Moreover, as more and more businesses move online amid the social distancing measures, the General Data Protection Regulation (GDPR) continues to regulate the manner in which data pertaining to clients, business partners, site visitors, and even employees is processed and protected by the data controllers.
Given the amount of new technologies introduced when implementing telework it is important to also keep an eye on ensuring protection of data systems, traceability of personal data collected and observance of data principles (i.e. don’t collect more data just because there is economic uncertainty in the market).
Any processing of employee data by the employer in the context of teleworking, for example for exercising monitorisation of the employee’s activity must be explicitly notified in advanced to the employee, providing the information regulated in art. 12 of the GDPR.
Moreover, it should be noted that national provisions regulate the obligations to consult in advance the employee’s representatives or trade union should the employer envisage to implement monitoring systems on the devices provided to employees or of the systems used.

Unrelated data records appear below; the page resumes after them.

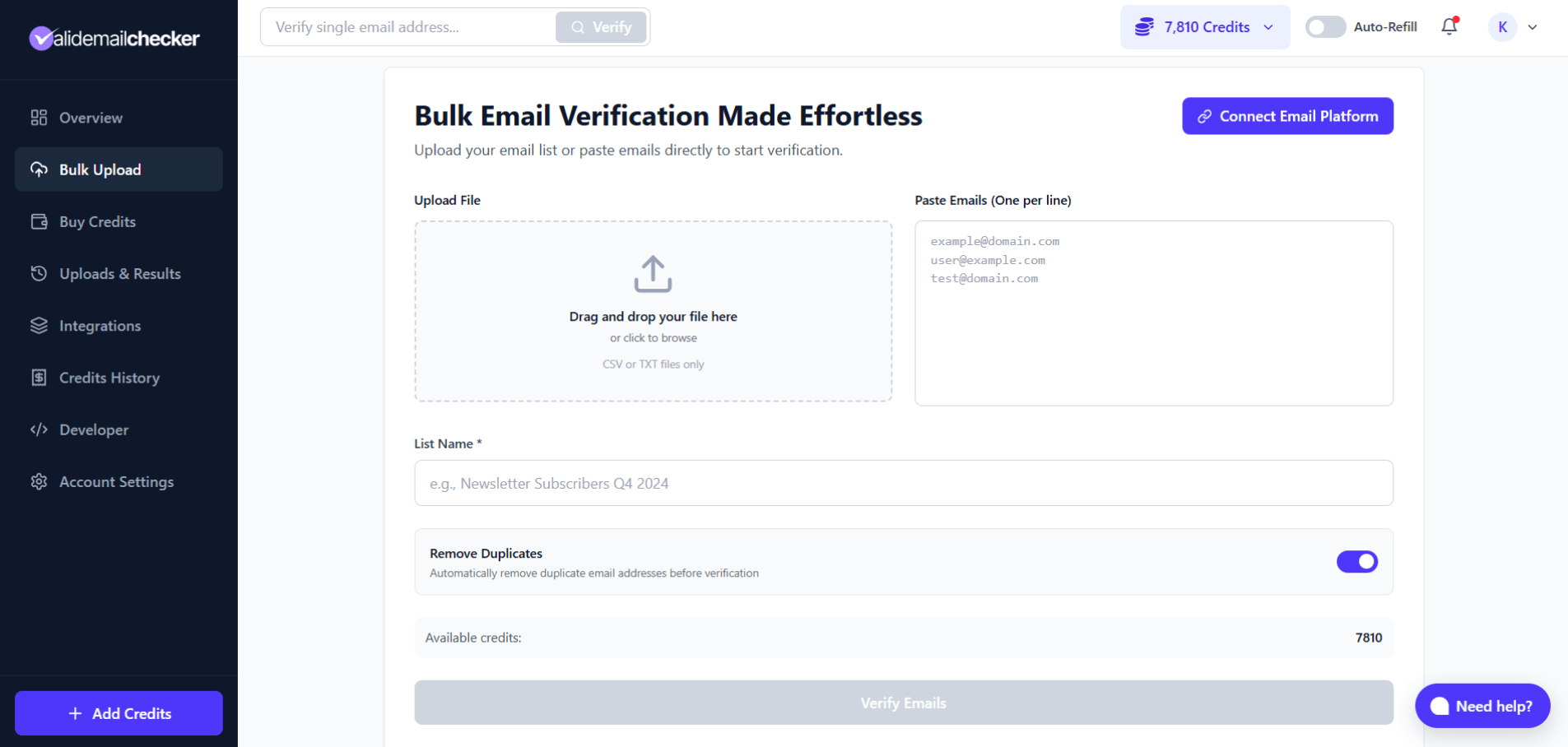 Valid Email Checker bulk upload interface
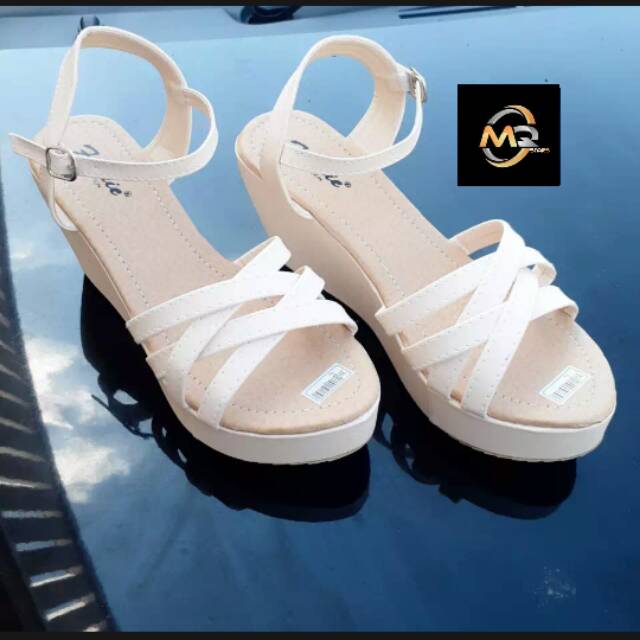 mqstars -Sandal Wegdes Wanita Tali Silang Strapy 7cm Terbaru non slip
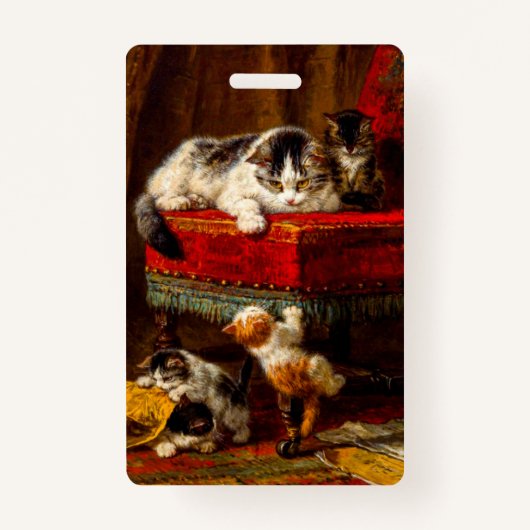 Badge Chat et chatons Jouer avec chaise (Devant)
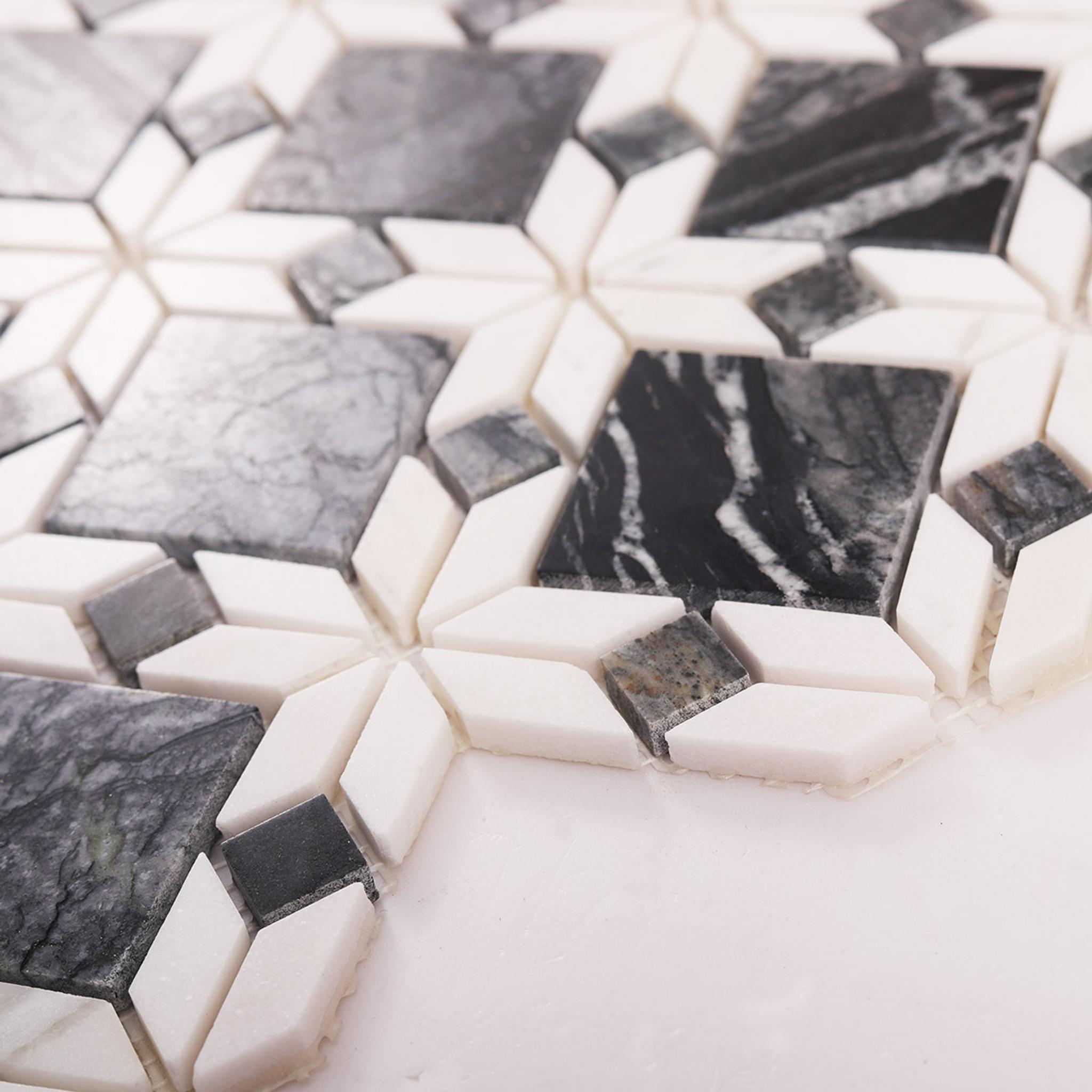 Floral Pattern Gray and White Marble Mosaic Tiles — mosaic hoa văn waterjet bằng đá marble trắng & xám
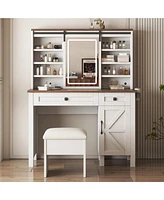 Lovmor Farmhouse Makeup Vanity Desk with Sliding Mirror and Lights and Hairdryer holder and charging socket Multilayer storage Shelves,and 2 drawer an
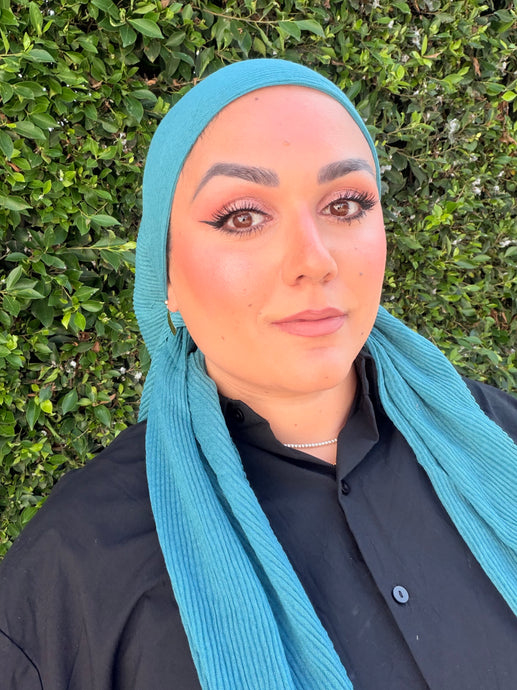 Pleated Solid Square Headscarf - Turquoise-square-The Little Tichel Lady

A privacy assessment is also mandatory to be performed prior to its implementation on the necessity of such means of surveillance and on why other less intrusive forms have not proven their effectiveness before.
Given that no express derogations from the above regulations has been set forth, they will continue to apply in the same manner.
Company equipment vs. personal equipment
Telework as defined by the employment legislation is any activity that can be performed using information technology and other means of communication (i.e. laptop, tablets, mobile telephone, etc.). Depending on the specifics of the activity performed or category of data processed, the employee may use company provided equipment or personal equipment.
Irrespective of the type of equipment, it is important to ensure that security of data processes is provided (i.e. by way of technical and organizational measures as defined by art. 32 of the GDPR), respectively that computers/devices have up-to-date security software and security patch levels, that users are regularly reminded to check patch levels and that adequate IT resources are in place to support employees in case of technical issues while teleworking.
The use of personal equipment for conducting business activity should, nevertheless, carefully assessed. In order to ensure the level of security prescribed by the GDPR or other industry-specific regulatory frameworks, employers must be careful in ensuring confidentiality of business information as well as not to breach the employee’s privacy. There have been cases where data security audits found that the IT teams could capture the employee’s browsing activity, transmit login details in plain text and monitor outbound and inbound communications.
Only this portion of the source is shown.